Data shown: Begin
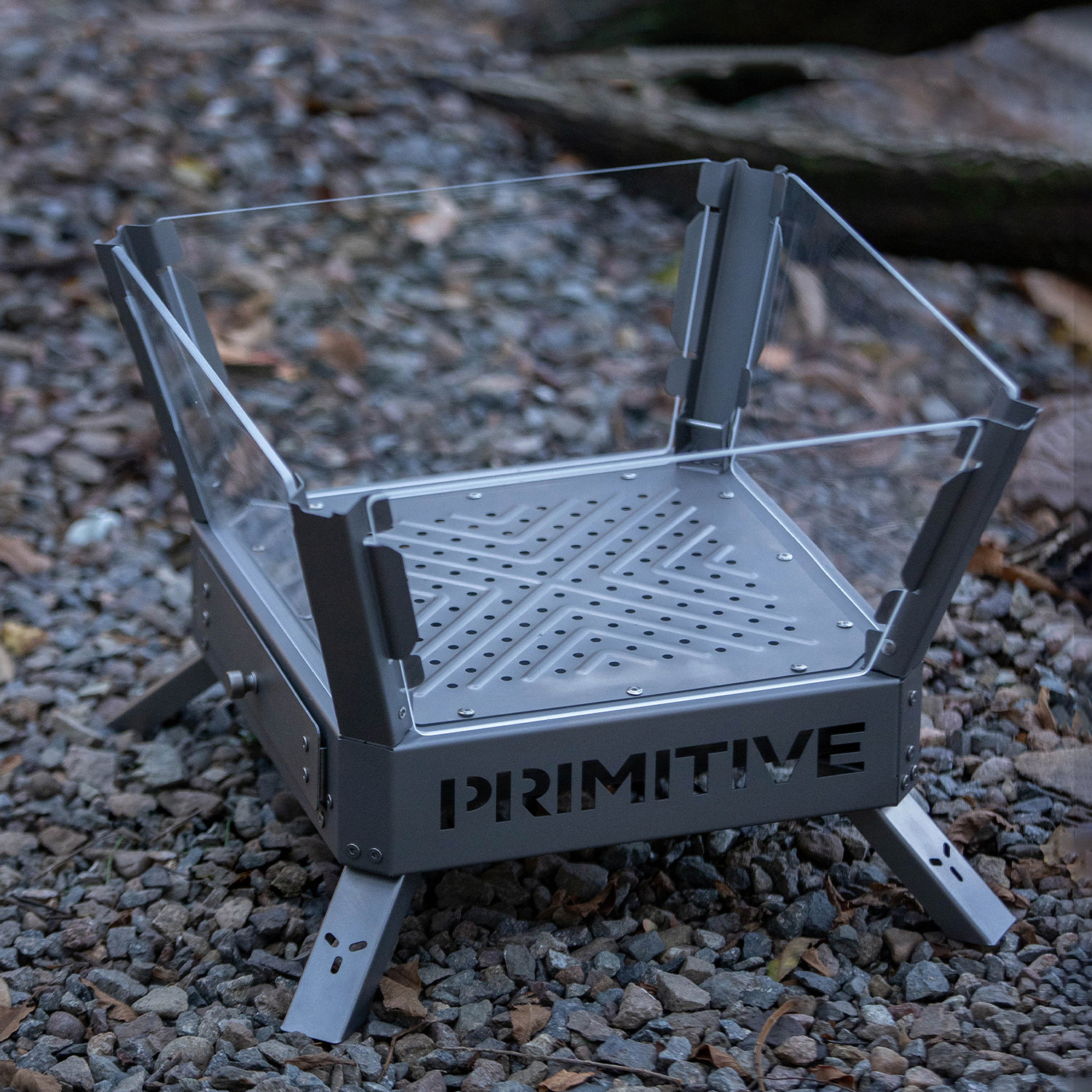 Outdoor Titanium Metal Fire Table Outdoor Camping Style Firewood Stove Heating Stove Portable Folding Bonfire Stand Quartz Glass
Data shown: End
Data shown: Begin
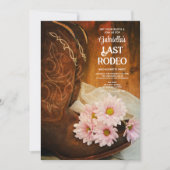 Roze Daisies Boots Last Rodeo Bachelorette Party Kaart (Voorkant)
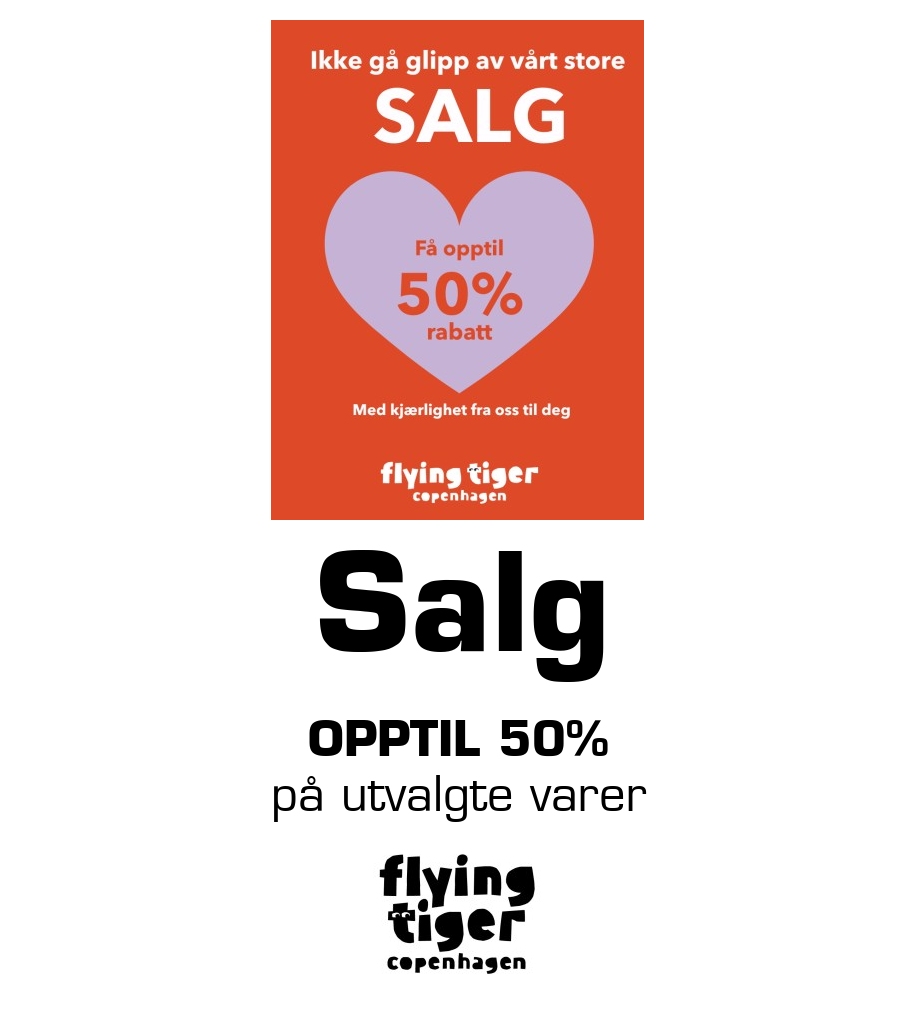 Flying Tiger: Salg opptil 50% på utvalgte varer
Data shown: End
Data shown: Begin
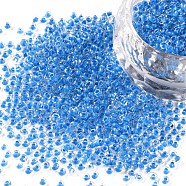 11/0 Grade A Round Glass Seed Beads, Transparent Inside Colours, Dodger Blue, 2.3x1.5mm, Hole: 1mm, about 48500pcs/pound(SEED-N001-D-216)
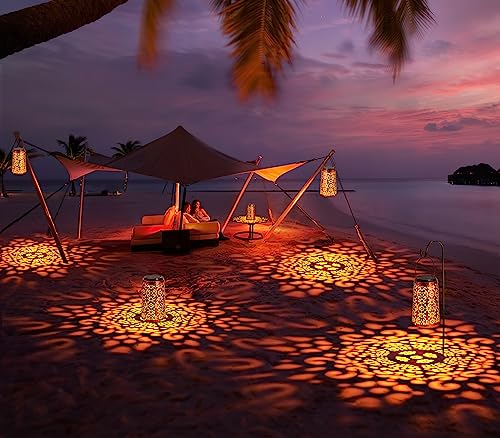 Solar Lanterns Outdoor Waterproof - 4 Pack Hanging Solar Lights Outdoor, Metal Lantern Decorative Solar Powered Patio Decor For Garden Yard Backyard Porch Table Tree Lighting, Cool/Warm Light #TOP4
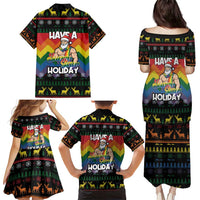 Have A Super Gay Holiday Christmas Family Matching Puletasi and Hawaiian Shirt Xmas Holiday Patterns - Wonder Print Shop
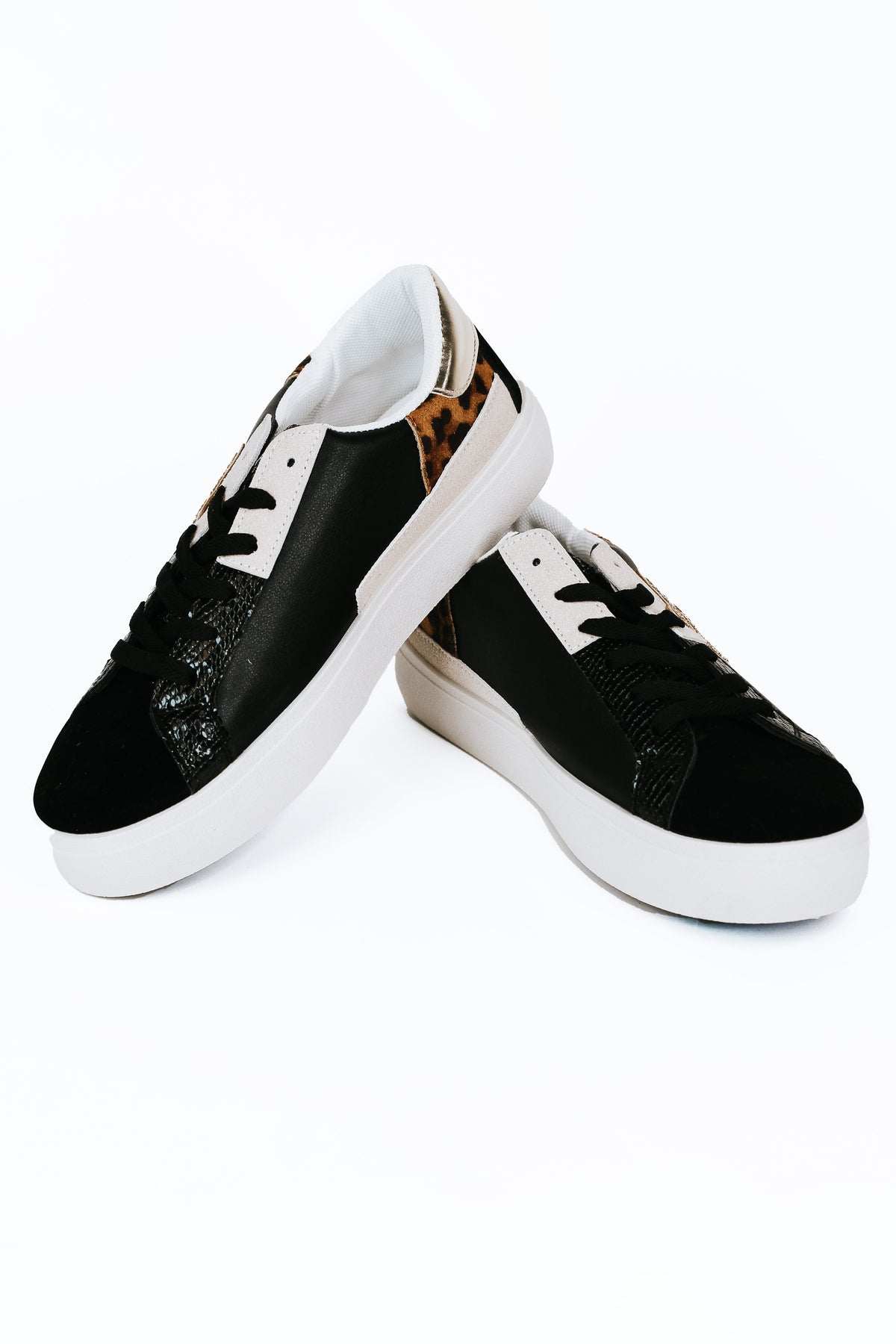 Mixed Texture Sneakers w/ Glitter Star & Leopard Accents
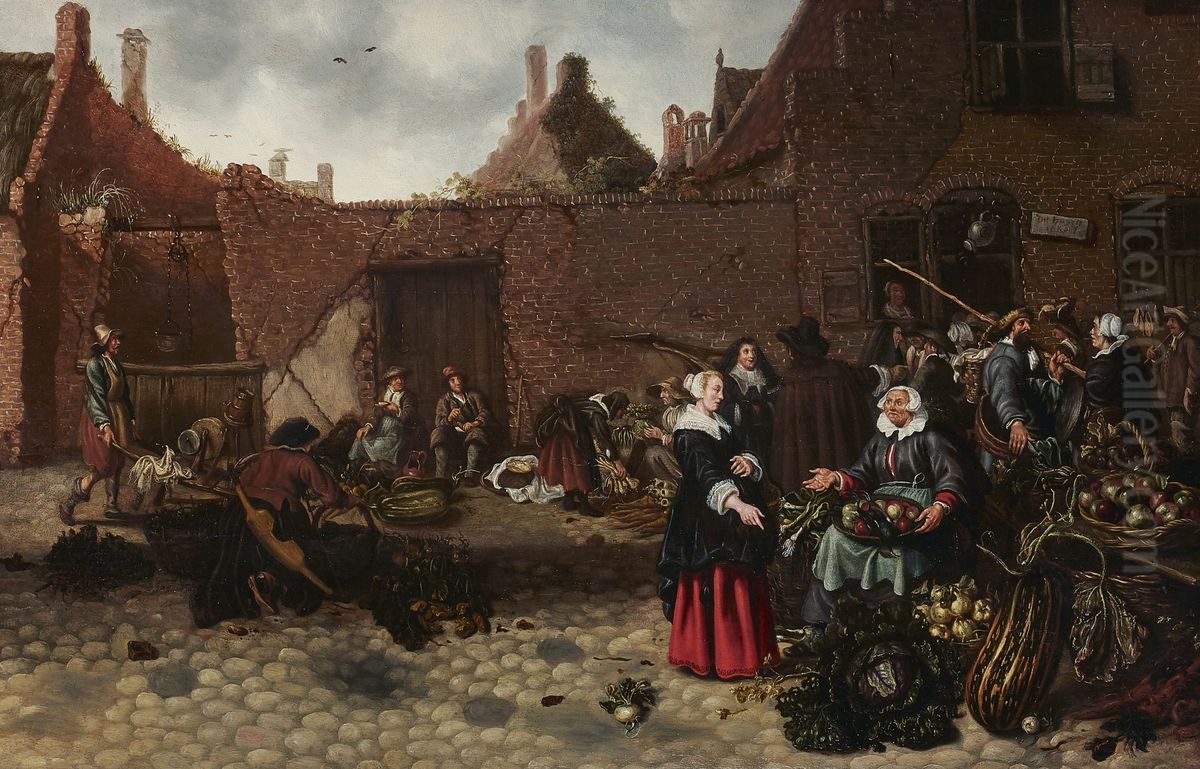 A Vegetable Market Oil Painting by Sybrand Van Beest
Data shown: End
About this task: Make an exact copy of the lines above, beginning with the line with "Roze Daisies Boots" and ending with the line with "Flying Tiger: Salg", and keep the pictures out of it.

Exercise solution:
 Roze Daisies Boots Last Rodeo Bachelorette Party Kaart (Voorkant)
 Flying Tiger: Salg opptil 50% på utvalgte varer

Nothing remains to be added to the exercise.